I've been to the beautiful, friendly city of Munich twice, once for pleasure and once for research. Because Munich is my novel's setting, I have spent many hours there in my head as well. That makes the recent horror there all the more painful. The news coverage gives us terrible details about the event, and in a short time everyone knows the shooter's name, age, and background. Perpetuating the perpetrator. Perpetuating the prejudice. 

And yet I'm sure someone in that mall acted valiantly. No doubt someone sheltered a frightened child, protected a potential victim at risk to his or her own self. Soon, I hope, we'll hear about a 'hero' we can all admire.  
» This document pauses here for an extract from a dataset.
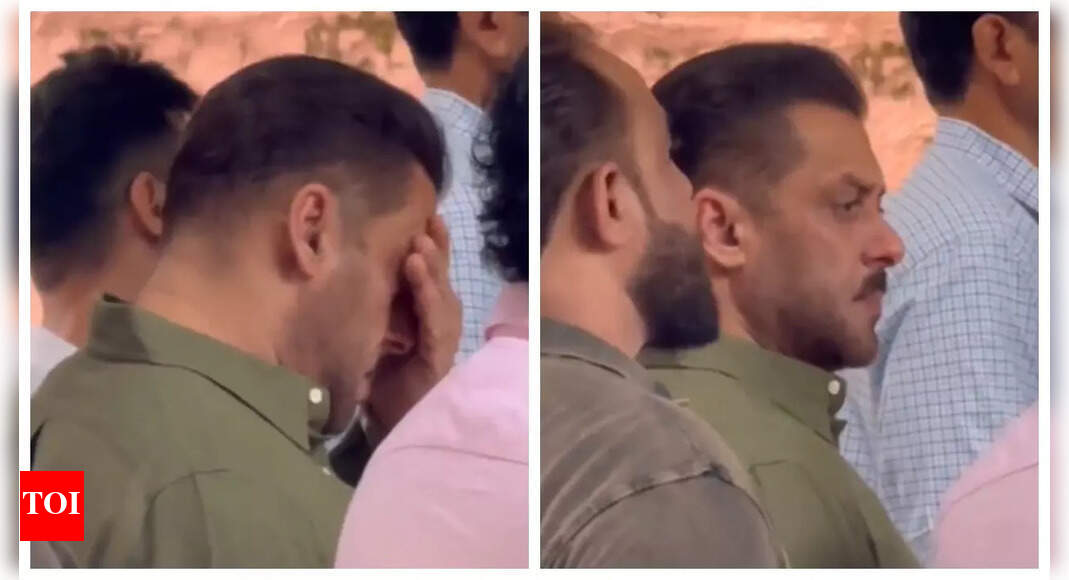 Pankaj Dheer’s funeral: Salman gets emotional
Which reminds me of this seldom-told tale which got little (or no) publicity at the time about terror in another city I love, my hometown of NYC. The video below narrated by Tom Hanks was not made until years later. But stories like this are the ones that deserve the most publicity, the ones I hope we remember. 

On 9/11, the greatest boat rescue in world history plucked half-a-million terrified people off the south end of Manhattan in just 9 hours. Some of the boats were privately owned, others were Coast Guard vessels, ferries, tugs, and tour lines. In the uncertain and frightening events of that day in NYC, these courageous boat owners and captains risked their own lives, driving the flotilla right into the smoke and debris of lower Manhattan. 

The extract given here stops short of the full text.